Oxford police Sgt. L.G. Owens said Boley, last seen in Oxford the morning of New Year’s Eve, traveled to Birmingham that day, flagged down a random cab driver and told him she’d give him her car in exchange for a ride and the fare to pay for a bus ride to Miami.
The cab driver, who told police he’d never met Boley before she stopped him outside of the Greyhound station, agreed. He said he drove Boley first from the station to a bookstore where she bought a couple of books, then back to the station where she gave him the keys to her tan 1994 Buick Lesabre in exchange for bus fare.
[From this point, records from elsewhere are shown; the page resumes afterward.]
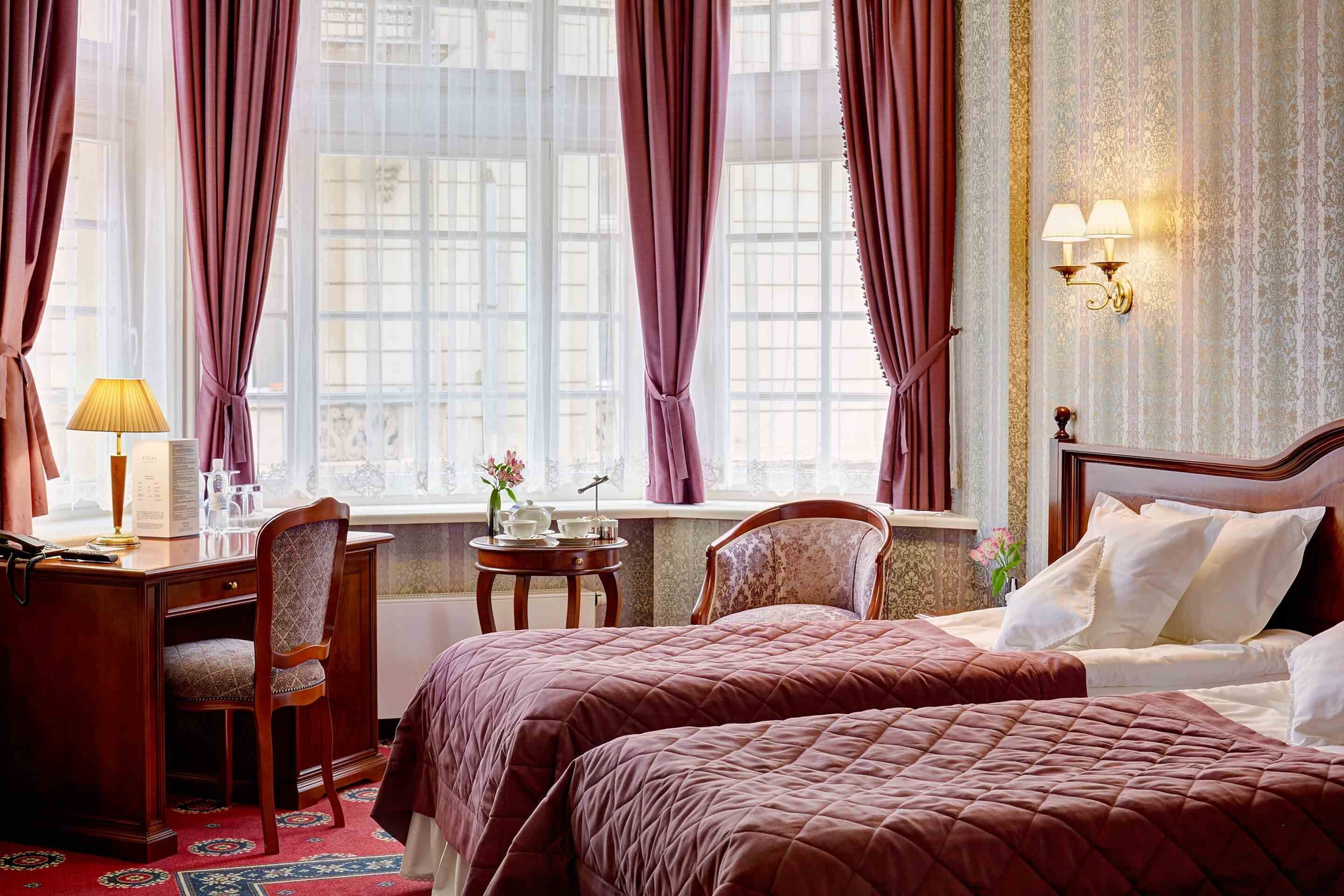A hotel room with two beds, a desk, a chair, a small table with a lamp, and a window with curtains.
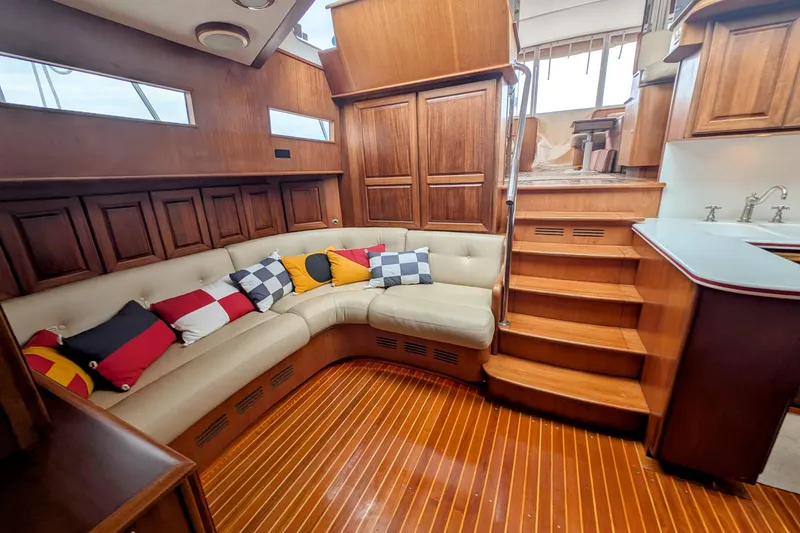 Slide: The Image of Luxurious 2002 Legacy Yachts 52 Express interior with plush seating and vibrant cushions. - 46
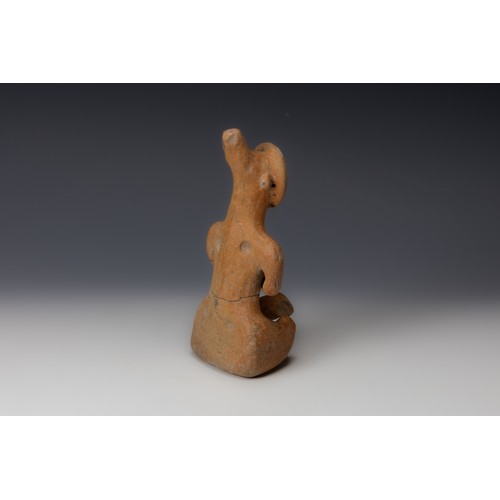 197 - A Late Minoan or Turkish Terracotta Figure of a Seated Idol from 600 B.C.

H: Approximately 18cm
Clerks at the station confirmed with Oxford police Wednesday that Boley purchased a Miami ticket in her name between 1 p.m. and 9 p.m. New Year’s Eve.
The cab driver told investigators that Boley informed him that she was headed to Miami “for a new start,” Owens said.
“But until I have someone in law enforcement say, ‘Yes, I ran into her,’ she’ll remain entered (as a missing person),” Owens said. “But from everything I’ve heard now, she’s not endangered.”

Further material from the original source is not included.